The Johns Hopkins University

Students from the Program in Museums and Society at The Johns Hopkins University are working with Martina Bagnoli to create an audio tour for the exhibition. The students will select works of art from the exhibition and prepare brief narratives to help visitors place these objects in context and gain a fuller appreciation of how reliquaries were experienced by medieval viewers.

A Walters Pilgrimage

In conjunction with Treasures of Heaven, the Walters will create a free self-guided tour entitled A Walters Pilgrimage. Based on the model of a medieval pilgrim’s journey from sacred site to sacred site, this tour will lead a visiting “pilgrim” through the galleries to discover works of art that engage with Treasures of Heaven themes. From Egyptian mummies to Asian pagodas, the selection of objects brings the wide ranging traditions of relic worship and reliquary decoration into focus.


This exhibition tour began in Cleveland where it ran from Oct. 17, 2010–Jan. 17, 2011. The exhibition will be on view at the Walters from Feb. 13–May 15, 2011, and then travel to the British Museum in London from June 23–Oct. 9, 2011.


A joint publication of the Walters Art Museum, the Cleveland Museum of Art and the British Museum, the 280-page illustrated catalogue accompanying the exhibition comprises ten essays and detailed catalogue entries covering 140 objects. The book was edited by Martina Bagnoli, Holger Klein, associate professor of art history and archaeology at Columbia University, Griffith Mann, chief curator at the Cleveland Museum of Art and James Robinson, curator of late medieval Europe at the British Museum, with contributions from leading experts in medieval art and religion. The hard cover edition, distributed in North America by Yale University Press, New Haven and London, is $65, and the soft cover edition (available at the venues and through the respective museum stores) is $39.95. A United Kingdom edition of the book will be published by the British Museum Press and the trade edition distributed outside of North America by Thames & Hudson.

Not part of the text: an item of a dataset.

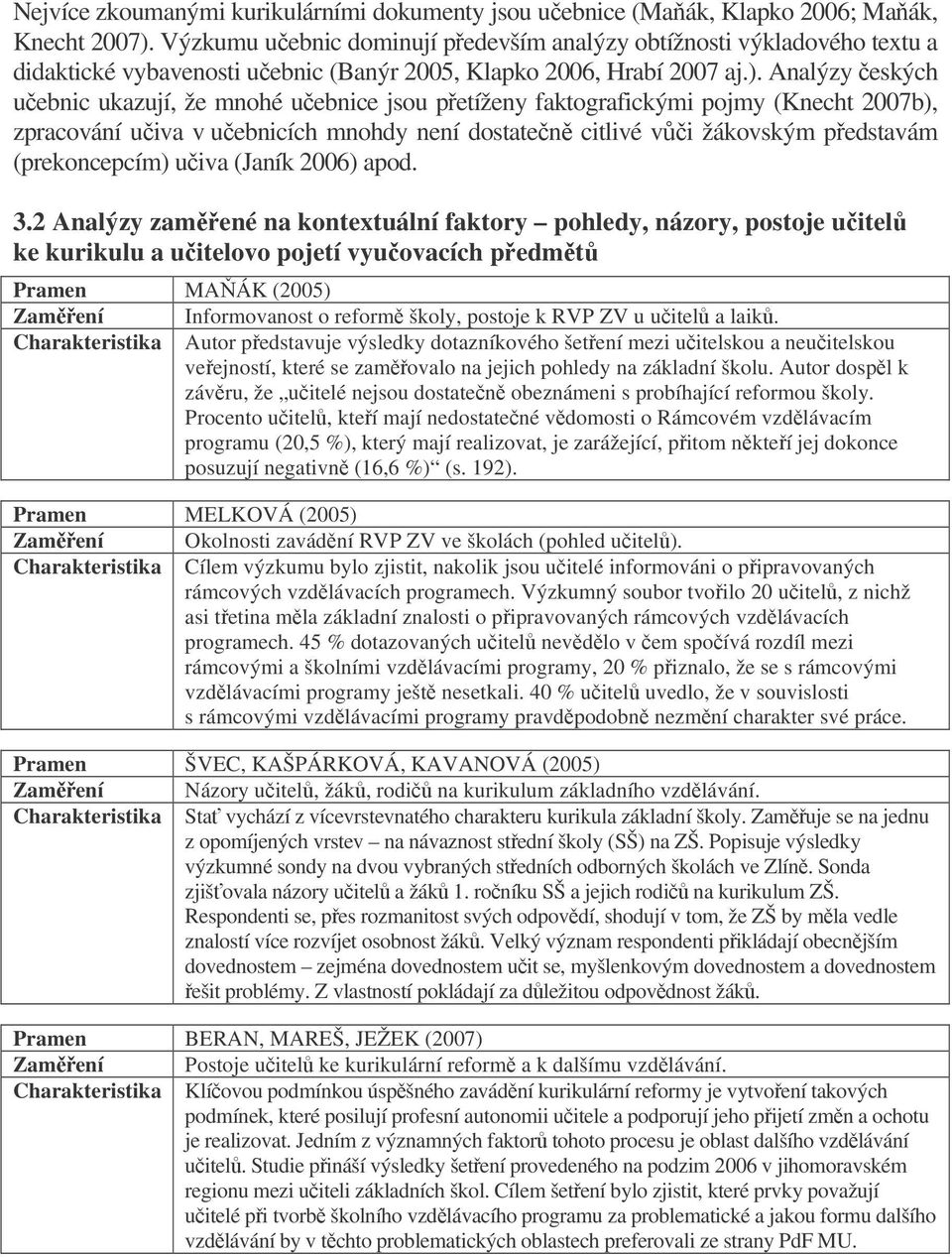 Analýzy eských uebnic ukazují, že mnohé uebnice jsou petíženy faktografickými pojmy (Knecht 2007b), zpracování uiva v uebnicích mnohdy není dostaten citlivé vi žákovským pedstavám (prekoncepcím) uiva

Museum hours are 10 a.m.–5 p.m. Wednesday through Sunday.

The Walters Art Museum

The Walters Art Museum is located in downtown Baltimore’s historic Mount Vernon Cultural District at North Charles and Centre streets and is one of only a few museums worldwide to present a comprehensive history of art from the third millennium B.C. to the early 20th century. Collection highlights include Egyptian mummies, Renaissance suits of armor, Fabergé eggs, Art Nouveau jewelry and old master paintings. Among its thousands of treasures, the Walters holds the finest collection of ivories, jewelry, enamels and bronzes in America and a spectacular reserve of illuminated manuscripts and rare books. The Walters’ Egyptian, Greek and Roman, Byzantine, Ethiopian and western medieval art collections are among the best in the nation, as are the museum’s holdings of Renaissance and Asian art. Every major trend in French painting during the 19th century is represented by one or more works in the Walters’ collection.